KANT STOPS THE MUSIC PT. 2

As indicated in Part 1 my principle interest in Kant's evaluation of music in his CRITIQUE OF JUDGMENT is not so much to defend music as one of the fine arts, though I'll be referencing a later philosopher who mounted such a defense. My principle concern is with Kant's justification for giving music a low rating, in part because "it merely plays with sensations." (See PART 1 for the full quote.) Elitists often argue against modern popular fiction on the basis that it invokes nothing but base sensation, as against whatever "fine art" they may be advocating. This is at best a partial truth, but one that does not stand in light of a pluralist aesthetics.

One can't help but wonder how Immanual Kant could have viewed music as possessing no qualities of sublimity, given that his lifetime intersected those of both Bach and Mozart. It may have to do, as Susanne Langer suggests, with his over-valuation of "Reason" as the most important quality of mankind's essence. Though Langer's PHILOSOPHY IN A NEW KEY does not address Kant's objections to music specifically, it seems likely that she read the JUDGMENT given that (1) as an academic discipline of post-Kantian Ernst Cassirer, she would have been expected to be familiar with Kant's major works, and (2) some of her own qualifications of music's powers seem to reflect those of Kant.

For instance, she admits that music's effects for its listeners seem transitory, even as Kant asserts.
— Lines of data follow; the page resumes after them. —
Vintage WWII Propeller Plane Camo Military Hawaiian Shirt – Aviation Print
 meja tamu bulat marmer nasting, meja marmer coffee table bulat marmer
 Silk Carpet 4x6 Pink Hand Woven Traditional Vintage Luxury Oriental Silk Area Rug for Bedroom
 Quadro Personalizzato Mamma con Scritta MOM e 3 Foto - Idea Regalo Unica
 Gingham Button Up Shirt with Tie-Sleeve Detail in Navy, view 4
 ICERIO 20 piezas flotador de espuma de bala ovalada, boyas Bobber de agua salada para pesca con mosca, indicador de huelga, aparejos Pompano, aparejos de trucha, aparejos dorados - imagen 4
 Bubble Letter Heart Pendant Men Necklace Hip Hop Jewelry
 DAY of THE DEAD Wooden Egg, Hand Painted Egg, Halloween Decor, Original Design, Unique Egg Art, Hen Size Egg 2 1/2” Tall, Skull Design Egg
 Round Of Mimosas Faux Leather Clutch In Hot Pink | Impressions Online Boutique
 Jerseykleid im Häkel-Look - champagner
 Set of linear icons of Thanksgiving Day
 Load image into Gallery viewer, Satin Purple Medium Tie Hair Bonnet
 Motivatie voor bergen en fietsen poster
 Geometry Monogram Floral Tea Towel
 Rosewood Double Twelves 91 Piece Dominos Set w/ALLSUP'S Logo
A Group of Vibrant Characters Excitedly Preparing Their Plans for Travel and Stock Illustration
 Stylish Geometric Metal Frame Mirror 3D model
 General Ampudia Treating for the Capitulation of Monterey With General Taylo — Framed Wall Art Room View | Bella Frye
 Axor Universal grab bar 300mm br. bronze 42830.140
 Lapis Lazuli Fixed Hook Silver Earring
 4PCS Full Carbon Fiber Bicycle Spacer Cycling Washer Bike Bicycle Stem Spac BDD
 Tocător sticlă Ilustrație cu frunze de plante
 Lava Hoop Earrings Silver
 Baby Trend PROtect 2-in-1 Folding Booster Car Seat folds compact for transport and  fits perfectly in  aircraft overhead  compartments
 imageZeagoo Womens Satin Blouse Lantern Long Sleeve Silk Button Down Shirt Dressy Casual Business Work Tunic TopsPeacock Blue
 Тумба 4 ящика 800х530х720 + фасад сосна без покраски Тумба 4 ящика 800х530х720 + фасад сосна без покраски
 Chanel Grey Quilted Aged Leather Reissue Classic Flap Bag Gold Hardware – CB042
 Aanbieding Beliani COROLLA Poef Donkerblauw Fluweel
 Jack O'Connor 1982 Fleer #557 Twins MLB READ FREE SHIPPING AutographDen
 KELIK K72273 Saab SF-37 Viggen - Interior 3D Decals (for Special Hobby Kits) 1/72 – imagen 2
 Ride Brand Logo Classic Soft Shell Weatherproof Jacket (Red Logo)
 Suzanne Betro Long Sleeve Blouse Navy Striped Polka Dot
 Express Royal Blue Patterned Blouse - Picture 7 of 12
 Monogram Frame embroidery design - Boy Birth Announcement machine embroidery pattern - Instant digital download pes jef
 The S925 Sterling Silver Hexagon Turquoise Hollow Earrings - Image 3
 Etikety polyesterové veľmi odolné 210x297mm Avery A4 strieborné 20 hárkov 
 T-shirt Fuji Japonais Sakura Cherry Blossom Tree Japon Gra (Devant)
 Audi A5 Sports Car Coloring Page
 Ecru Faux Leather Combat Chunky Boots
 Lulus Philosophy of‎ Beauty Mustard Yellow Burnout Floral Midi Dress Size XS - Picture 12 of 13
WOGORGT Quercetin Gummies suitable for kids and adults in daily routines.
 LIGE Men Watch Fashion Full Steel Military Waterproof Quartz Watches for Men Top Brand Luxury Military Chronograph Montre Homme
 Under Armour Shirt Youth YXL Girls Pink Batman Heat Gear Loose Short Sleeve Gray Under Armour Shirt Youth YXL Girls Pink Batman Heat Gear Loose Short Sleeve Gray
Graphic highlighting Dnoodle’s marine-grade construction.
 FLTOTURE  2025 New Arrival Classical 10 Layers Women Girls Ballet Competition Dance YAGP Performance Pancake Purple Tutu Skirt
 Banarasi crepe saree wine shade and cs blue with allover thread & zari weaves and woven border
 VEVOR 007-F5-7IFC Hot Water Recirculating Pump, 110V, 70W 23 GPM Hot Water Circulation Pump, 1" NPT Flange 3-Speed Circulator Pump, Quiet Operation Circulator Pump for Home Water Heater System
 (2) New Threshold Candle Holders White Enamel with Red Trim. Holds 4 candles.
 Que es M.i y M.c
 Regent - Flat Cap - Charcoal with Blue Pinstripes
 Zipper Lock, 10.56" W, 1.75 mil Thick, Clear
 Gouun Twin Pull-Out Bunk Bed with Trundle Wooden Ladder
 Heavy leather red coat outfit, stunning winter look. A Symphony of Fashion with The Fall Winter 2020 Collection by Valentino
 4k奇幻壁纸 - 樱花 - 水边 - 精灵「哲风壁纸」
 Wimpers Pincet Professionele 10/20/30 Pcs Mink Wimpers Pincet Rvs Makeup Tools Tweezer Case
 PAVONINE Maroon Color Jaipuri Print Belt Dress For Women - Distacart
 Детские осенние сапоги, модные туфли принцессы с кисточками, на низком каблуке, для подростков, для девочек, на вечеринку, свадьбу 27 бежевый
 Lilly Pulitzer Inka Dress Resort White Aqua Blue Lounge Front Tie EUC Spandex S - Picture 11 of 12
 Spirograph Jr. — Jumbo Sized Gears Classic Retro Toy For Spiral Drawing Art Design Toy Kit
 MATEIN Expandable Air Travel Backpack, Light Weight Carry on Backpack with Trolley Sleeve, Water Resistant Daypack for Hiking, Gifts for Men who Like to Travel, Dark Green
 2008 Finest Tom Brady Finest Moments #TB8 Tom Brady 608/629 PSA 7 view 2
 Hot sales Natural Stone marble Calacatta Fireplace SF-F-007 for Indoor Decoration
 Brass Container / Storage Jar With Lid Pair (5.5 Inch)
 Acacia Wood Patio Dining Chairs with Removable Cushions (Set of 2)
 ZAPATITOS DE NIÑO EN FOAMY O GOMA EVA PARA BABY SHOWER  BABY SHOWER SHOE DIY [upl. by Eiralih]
However, in keeping with her idea of the "gesture," on which I expounded here, she adds that music is more than just a play of sensations: that it is a "formulation and representation of emotions, moods, mental tensions and resolutions-- a 'logical picture' of sentient, responsive life, a source of insight, not a plea for sympathy." The idea that feelings might have had a logic of their own, apart from their ability to suggest concepts, does not seem to have loomed large in Kant. Langer imputes this logic to the connotations attached to images as well:

Images] are not only capable of connoting the things from which our sense-experience originally derived them... they also have an inalienable tendency to 'mean' things that have only a logical analogy to their primary meanings.-- Langer, NEW KEY, p. 145.


Langer admits that music is a "limited idiom" (p. 246). This resembles Kant's pronouncement that music "cannot bring about a product that serves the concepts of the understanding as an enduring vehicle, a vehicle which commends itself to these
very concepts, for furthering their union with sensibility" (Section 330). And Langer almost seems to be agreeing with Kant on music's low pecking-order among the fine arts when she says that "music at its highest, though clearly a symbolic form, is an 'unconsummated symbol.' Articulation is its life, but not assertion; expressiveness, not expression."

Yet clearly Langer disputes Kant's notion that music "merely plays with sensations" by saying that there is a logic behind its representation of emotions, and in its ability to evoke the meanings latent in emotional states:

"The assignment of meanings is a shifting, kaleidoscopic play, probably below the threshold of consciousness, certainly outside the pale of discursive thinking."


And later, quite in contrast to Kant's views on "understanding:"

"Because no assignment of meaning is conventional, none is permanent beyond the sound that passes; yet the brief association was a flash of understanding."


Though I've not referenced Langer's concept of the "unconsummated symbol" earlier here, I find in it an apt metaphor for the way symbolic forms operate in the fiction of thematic escapism. In popular fiction one often finds such archetypal symbolic forms as "overreaching power-seekers" or "deceptive femininity," but they have not been either brought into line with either Langer's "discursive thinking" or Kant's "sensibility." Thus such symbols, like those of presentational symbolism generally, operate "far below the level of speech."

On a side-note, it's odd that though Langer defends the "kaleidoscopic play" of musical symbols, in chapter 7 of KEY she is less than charitable toward what she terms "fairy-tales" as against the more serious myth-stories:

"For the fairytale is irresponsible; it is frankly imaginary, and its purpose is to gratify wishes, 'as a dream doth flatter.'" (p. 175)

Nevertheless, Langer's insight improves upon that of Kant, whose tendency is to regard the "free play" of emotions and associations as the cultural equivalent of lollygagging. But Kant's insights upon the sublime will prove more significant in further considerations of the nature of metaphenomenality.